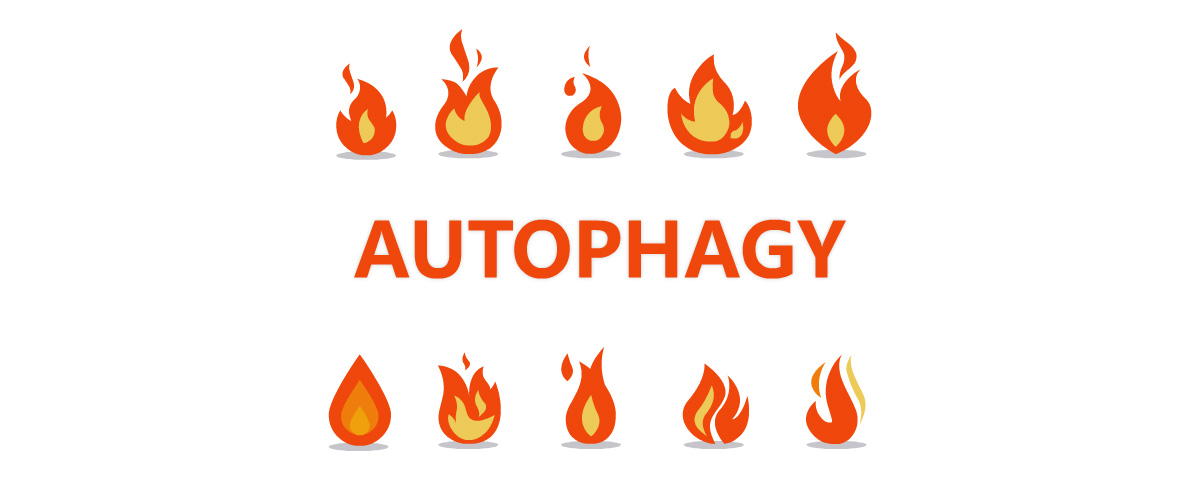 autophugy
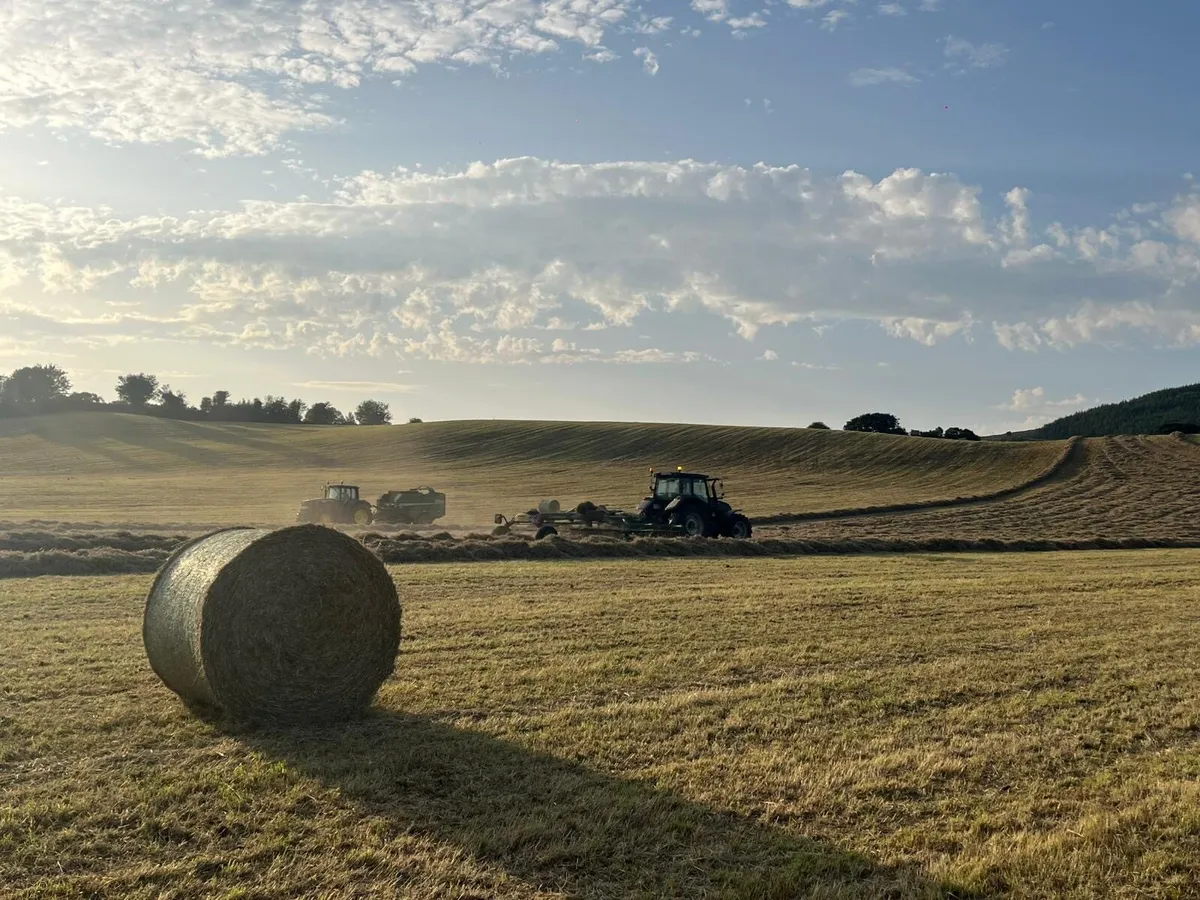 Hay - Image 1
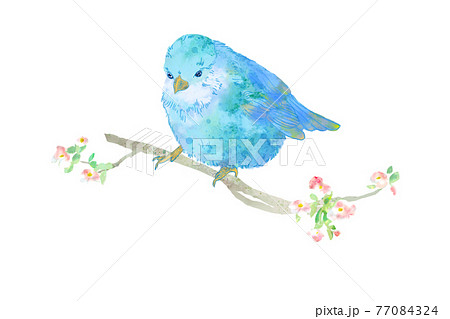 ふんわり可愛いパステルカラーの青い小鳥のイラストのイラスト素材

───

Every line above should be copied exactly, apart from any pictures.

→ **Output of the exercise**:
 autophugy
 Hay - Image 1
 ふんわり可愛いパステルカラーの青い小鳥のイラストのイラスト素材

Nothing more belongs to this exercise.